> _Input for this task_:
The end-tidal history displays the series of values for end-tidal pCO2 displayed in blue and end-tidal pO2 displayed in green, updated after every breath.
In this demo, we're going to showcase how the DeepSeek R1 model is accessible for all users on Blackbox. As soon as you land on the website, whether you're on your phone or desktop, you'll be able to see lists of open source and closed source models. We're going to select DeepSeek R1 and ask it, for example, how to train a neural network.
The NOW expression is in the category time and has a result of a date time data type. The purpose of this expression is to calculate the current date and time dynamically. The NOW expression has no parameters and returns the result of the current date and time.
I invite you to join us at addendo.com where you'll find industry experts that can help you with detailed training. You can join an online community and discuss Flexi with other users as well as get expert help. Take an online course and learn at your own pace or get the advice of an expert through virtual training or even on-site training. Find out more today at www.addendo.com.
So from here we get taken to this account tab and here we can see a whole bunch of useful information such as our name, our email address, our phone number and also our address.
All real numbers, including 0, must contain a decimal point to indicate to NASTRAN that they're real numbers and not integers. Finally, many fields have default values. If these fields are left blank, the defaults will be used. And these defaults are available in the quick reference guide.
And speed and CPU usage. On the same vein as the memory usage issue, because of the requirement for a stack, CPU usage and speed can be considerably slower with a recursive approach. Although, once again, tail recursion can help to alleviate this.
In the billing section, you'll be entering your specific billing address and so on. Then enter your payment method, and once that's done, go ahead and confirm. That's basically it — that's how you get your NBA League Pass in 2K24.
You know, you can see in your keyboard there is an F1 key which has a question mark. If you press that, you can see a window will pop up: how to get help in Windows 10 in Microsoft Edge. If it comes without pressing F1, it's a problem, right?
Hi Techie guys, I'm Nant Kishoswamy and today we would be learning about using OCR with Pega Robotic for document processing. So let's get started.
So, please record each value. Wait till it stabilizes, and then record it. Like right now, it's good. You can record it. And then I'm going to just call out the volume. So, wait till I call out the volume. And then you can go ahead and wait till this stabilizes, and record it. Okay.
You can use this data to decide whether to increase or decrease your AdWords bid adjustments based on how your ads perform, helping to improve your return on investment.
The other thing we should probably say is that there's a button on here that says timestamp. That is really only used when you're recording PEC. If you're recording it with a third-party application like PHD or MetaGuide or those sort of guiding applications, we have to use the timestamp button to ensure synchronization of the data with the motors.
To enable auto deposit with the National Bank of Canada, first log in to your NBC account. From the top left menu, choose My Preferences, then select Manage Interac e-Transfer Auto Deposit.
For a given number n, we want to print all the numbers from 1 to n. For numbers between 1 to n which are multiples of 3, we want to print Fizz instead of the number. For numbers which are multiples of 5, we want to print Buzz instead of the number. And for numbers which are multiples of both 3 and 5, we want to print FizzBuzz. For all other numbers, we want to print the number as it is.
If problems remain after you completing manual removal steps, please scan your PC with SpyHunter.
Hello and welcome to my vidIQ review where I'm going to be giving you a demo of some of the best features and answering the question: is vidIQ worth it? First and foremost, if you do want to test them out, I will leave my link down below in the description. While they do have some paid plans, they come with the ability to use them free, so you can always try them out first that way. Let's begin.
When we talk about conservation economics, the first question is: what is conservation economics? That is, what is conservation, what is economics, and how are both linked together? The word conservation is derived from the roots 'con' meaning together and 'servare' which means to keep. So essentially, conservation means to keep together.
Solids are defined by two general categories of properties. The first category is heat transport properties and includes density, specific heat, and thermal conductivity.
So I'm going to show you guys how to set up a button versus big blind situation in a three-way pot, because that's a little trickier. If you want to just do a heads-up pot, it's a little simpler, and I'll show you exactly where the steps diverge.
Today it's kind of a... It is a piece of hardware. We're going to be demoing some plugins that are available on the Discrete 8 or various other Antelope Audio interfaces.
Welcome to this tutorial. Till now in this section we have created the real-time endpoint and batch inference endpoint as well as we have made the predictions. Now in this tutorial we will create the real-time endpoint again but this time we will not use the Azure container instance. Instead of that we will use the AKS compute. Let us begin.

> _Requirement_: From the data above, pick out each line containing "after" and copy it.

> _Solution to the problem_:
The end-tidal history displays the series of values for end-tidal pCO2 displayed in blue and end-tidal pO2 displayed in green, updated after every breath.
If problems remain after you completing manual removal steps, please scan your PC with SpyHunter.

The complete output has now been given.